Records to use >>
---------------

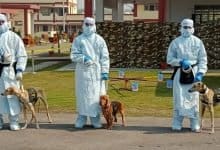 Indian Army demonstrates the capabilities of dogs to detect COVID-19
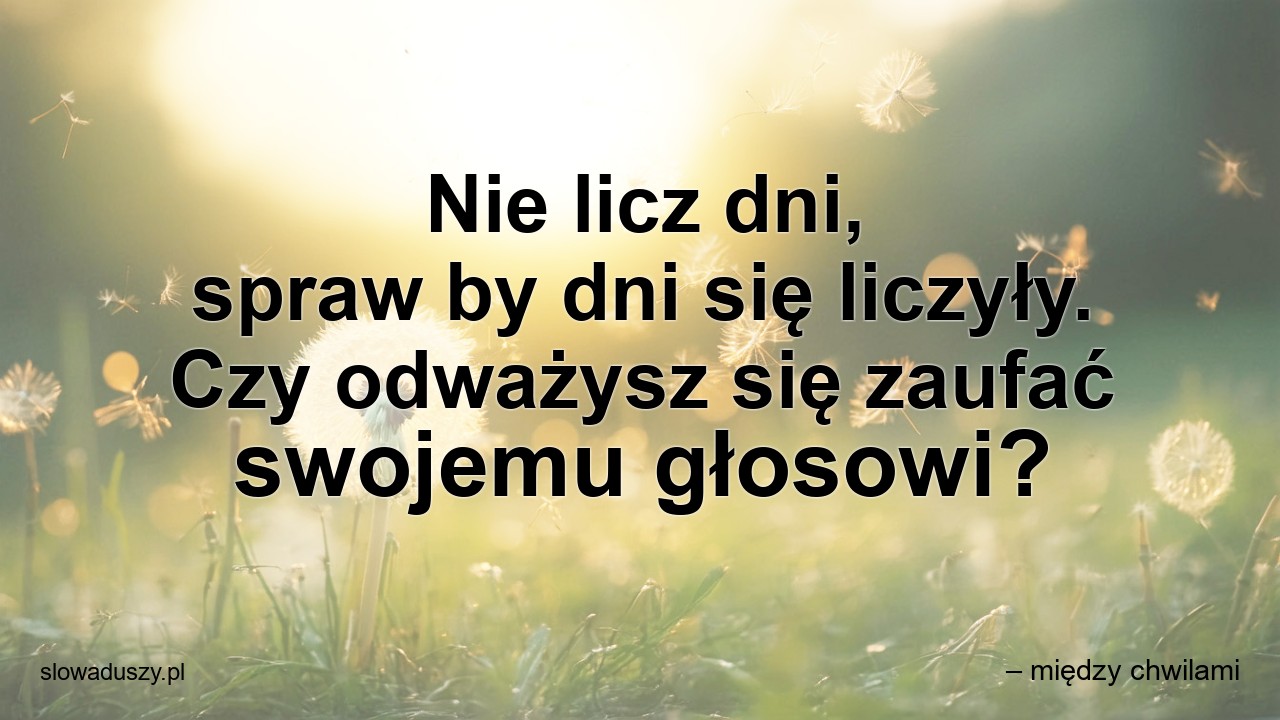 Nie licz dni,  spraw by dni się liczyły. Czy odważysz się zaufać swojemu głosowi? - – między chwilami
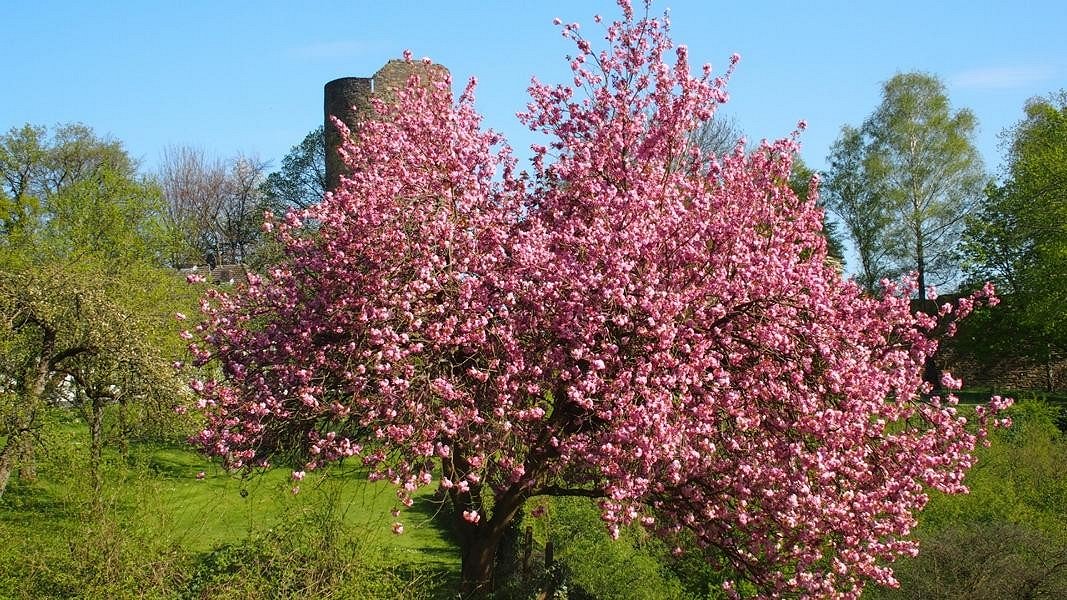 Stadt Blankerberg Frühlingseinzug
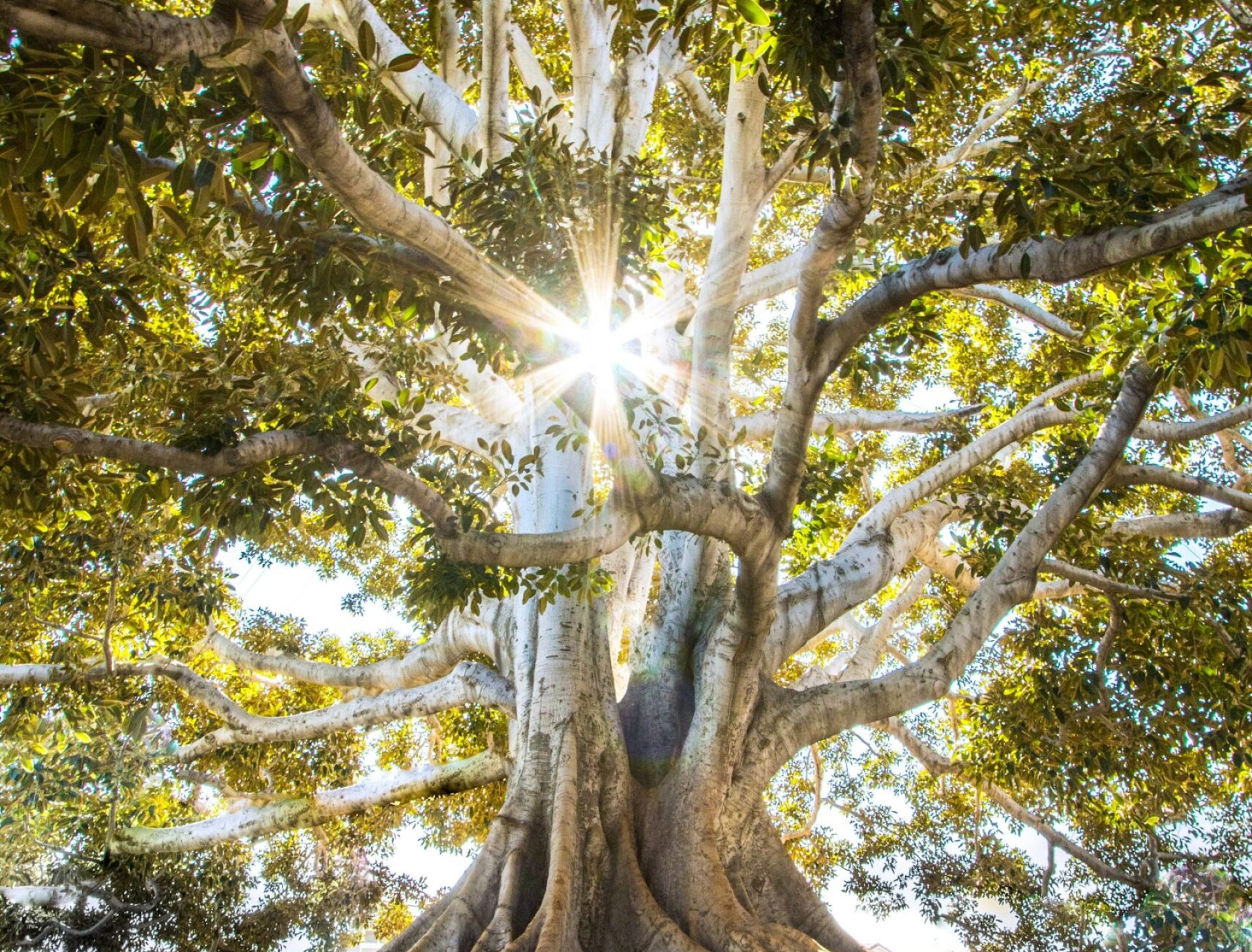 Sunlight through green trees
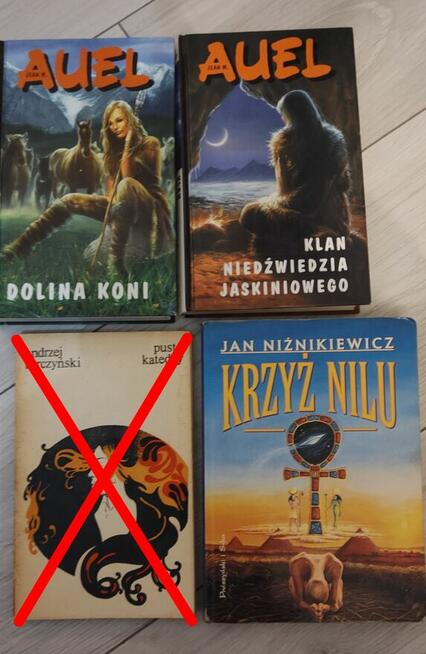 Auel, Niżnikiewicz - pakiet 2 książek fantasy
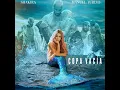 ◉Shakira X Manuel Turizo - Copa Vacía (Versión Rápida)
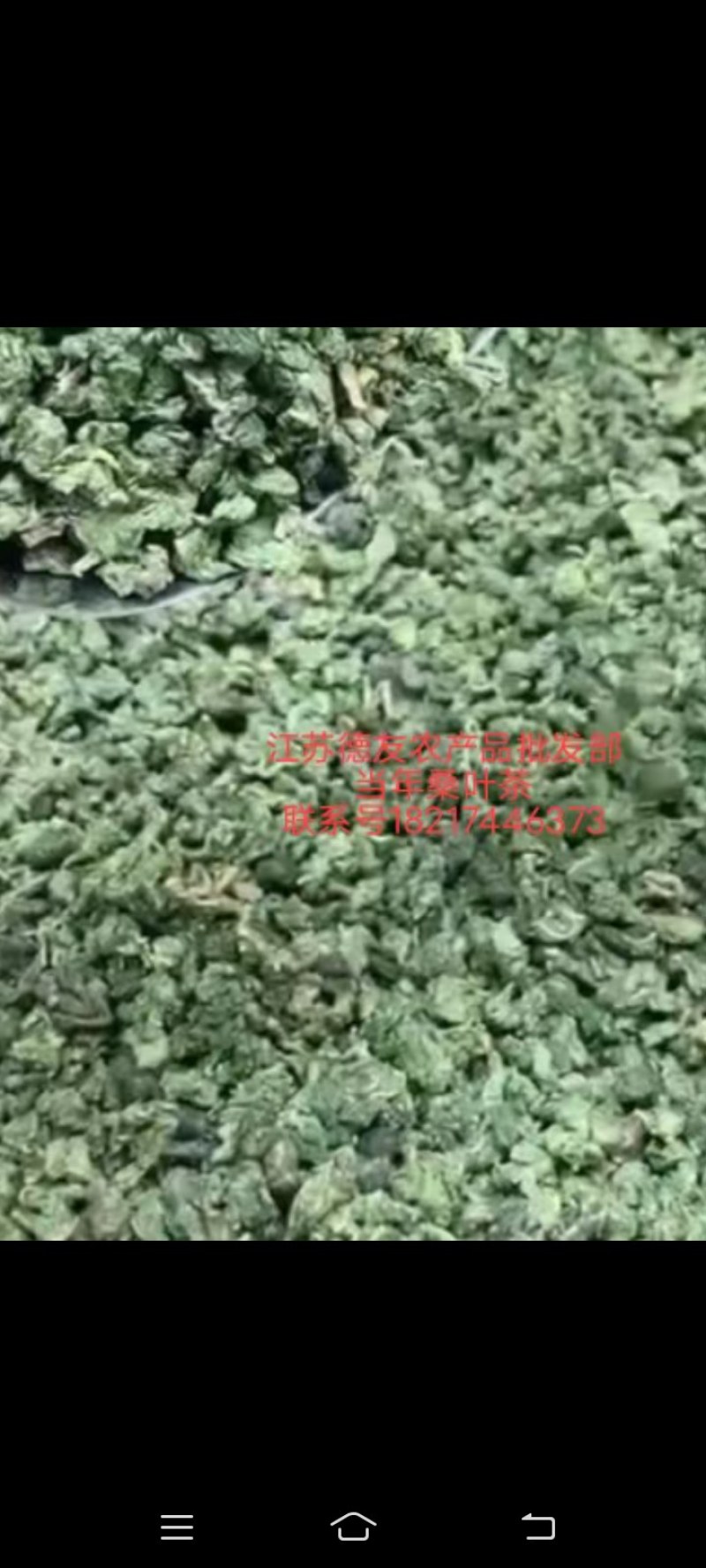 干桑叶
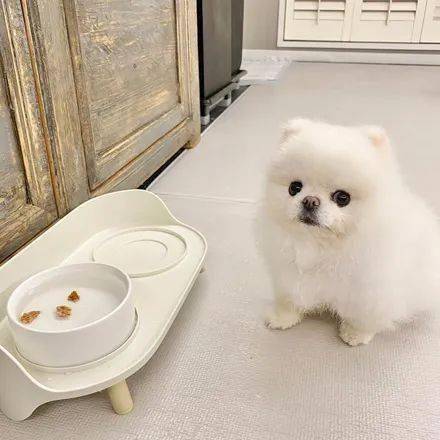 诚意|网友想骗狗子喝水,就把零食丢进水碗里,结果狗子的反应笑喷!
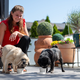 Hundebesitzer kaufen sich oft selbst ein Eis. (Archivbild) - Foto: Harald Tittel/dpa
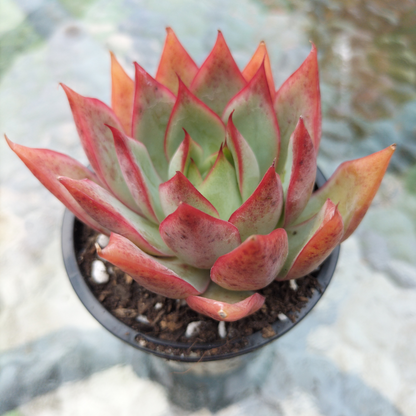 Echeveria 'Captain Rose'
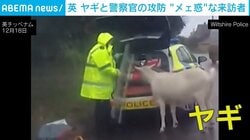 「いたずらなヤギなんだから！」脱走ヤギvs警察官 シールドや牽引用ロープで捕獲作戦 イギリス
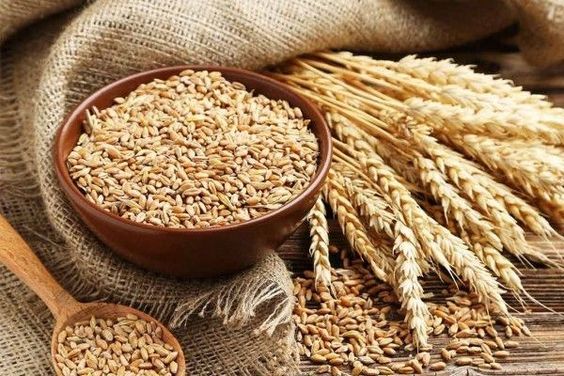 أهم 100 تفسير لرؤية القمح في المنام لابن سيرين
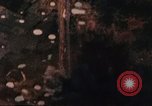 Standbild Jets North Vietnam, 1968, aus Sekunde 51 historischem Filmmaterial Videoclip 65675042017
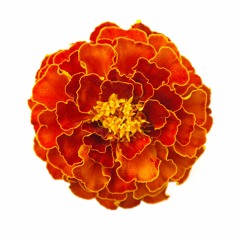 Marigold Audio Collection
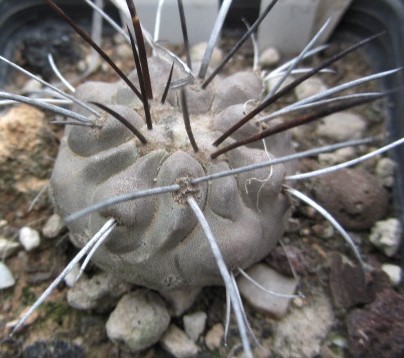 Copiapoa <br>dealbata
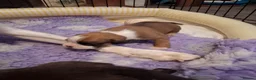 Boxer dogs for sale: PEDIGREE BOXER PUPPIES - Advert 4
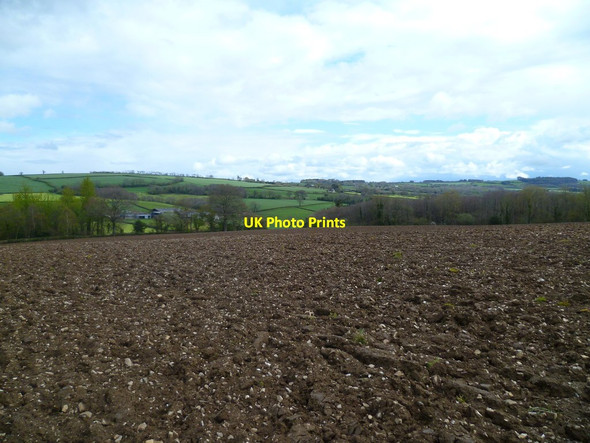Photo 6"x4" Orange Way in Devon and Torbay (532) Hawkchurch c2012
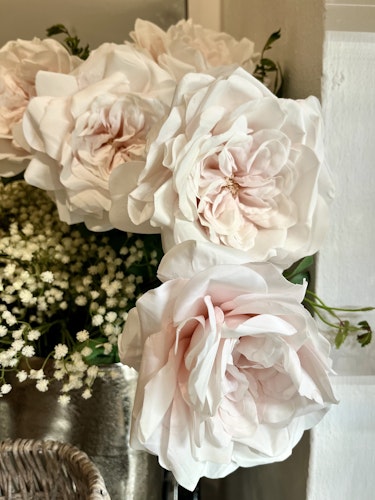 Ros ljusrosa
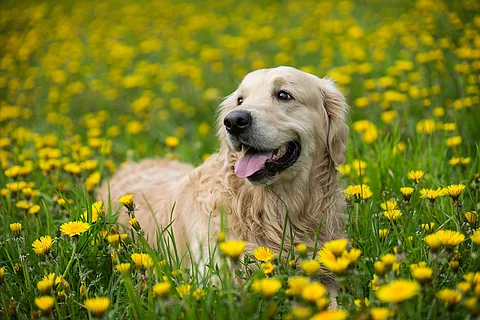 Ein Golden Retriever steht auf einer Wiese.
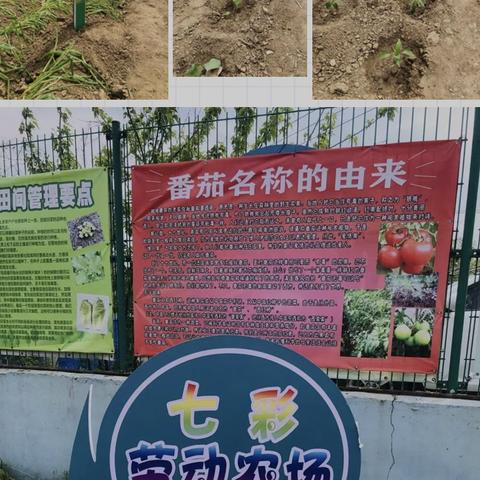 红心播种，励志语录激励你前行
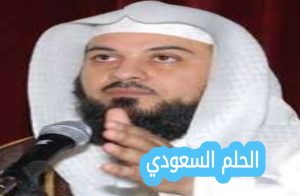 محمد العريفي ويكيبيديا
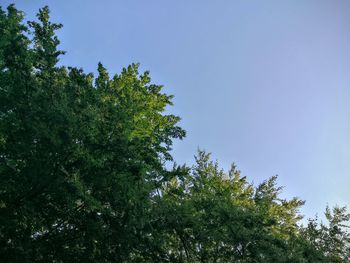 Low angle view of trees against blue sky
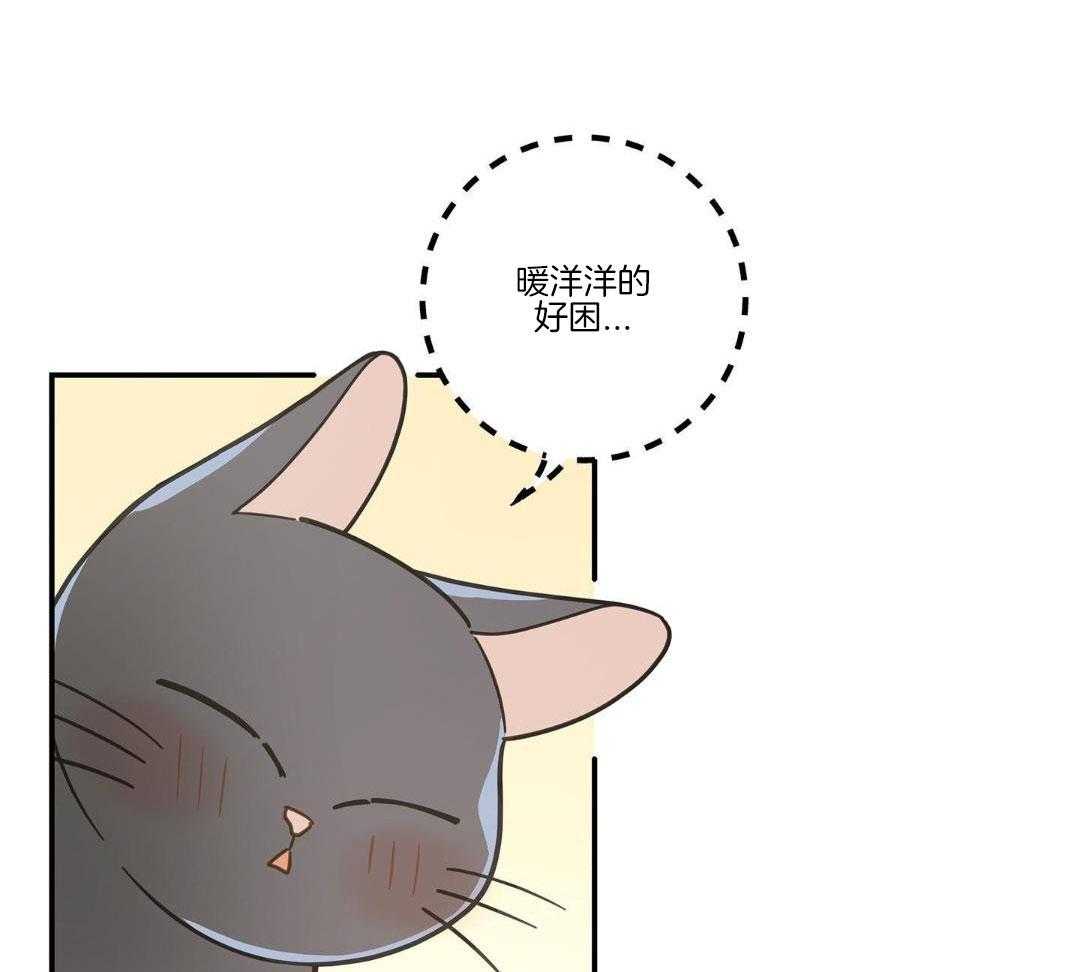 第47话49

---------------

Prompt >> Keeping pictures out, repeat exactly the lines from the one containing "- – między chwilami" through the end of the listing.

Worked solution >>
 Nie licz dni,  spraw by dni się liczyły. Czy odważysz się zaufać swojemu głosowi? - – między chwilami
 Stadt Blankerberg Frühlingseinzug
 Sunlight through green trees
 Auel, Niżnikiewicz - pakiet 2 książek fantasy
 ◉Shakira X Manuel Turizo - Copa Vacía (Versión Rápida)
 干桑叶
 诚意|网友想骗狗子喝水,就把零食丢进水碗里,结果狗子的反应笑喷!
 Hundebesitzer kaufen sich oft selbst ein Eis. (Archivbild) - Foto: Harald Tittel/dpa
 Echeveria 'Captain Rose'
 「いたずらなヤギなんだから！」脱走ヤギvs警察官 シールドや牽引用ロープで捕獲作戦 イギリス
 أهم 100 تفسير لرؤية القمح في المنام لابن سيرين
 Standbild Jets North Vietnam, 1968, aus Sekunde 51 historischem Filmmaterial Videoclip 65675042017
 Marigold Audio Collection
 Copiapoa <br>dealbata
 Boxer dogs for sale: PEDIGREE BOXER PUPPIES - Advert 4
Photo 6"x4" Orange Way in Devon and Torbay (532) Hawkchurch c2012
 Ros ljusrosa
 Ein Golden Retriever steht auf einer Wiese.
 红心播种，励志语录激励你前行
 محمد العريفي ويكيبيديا
 Low angle view of trees against blue sky
 第47话49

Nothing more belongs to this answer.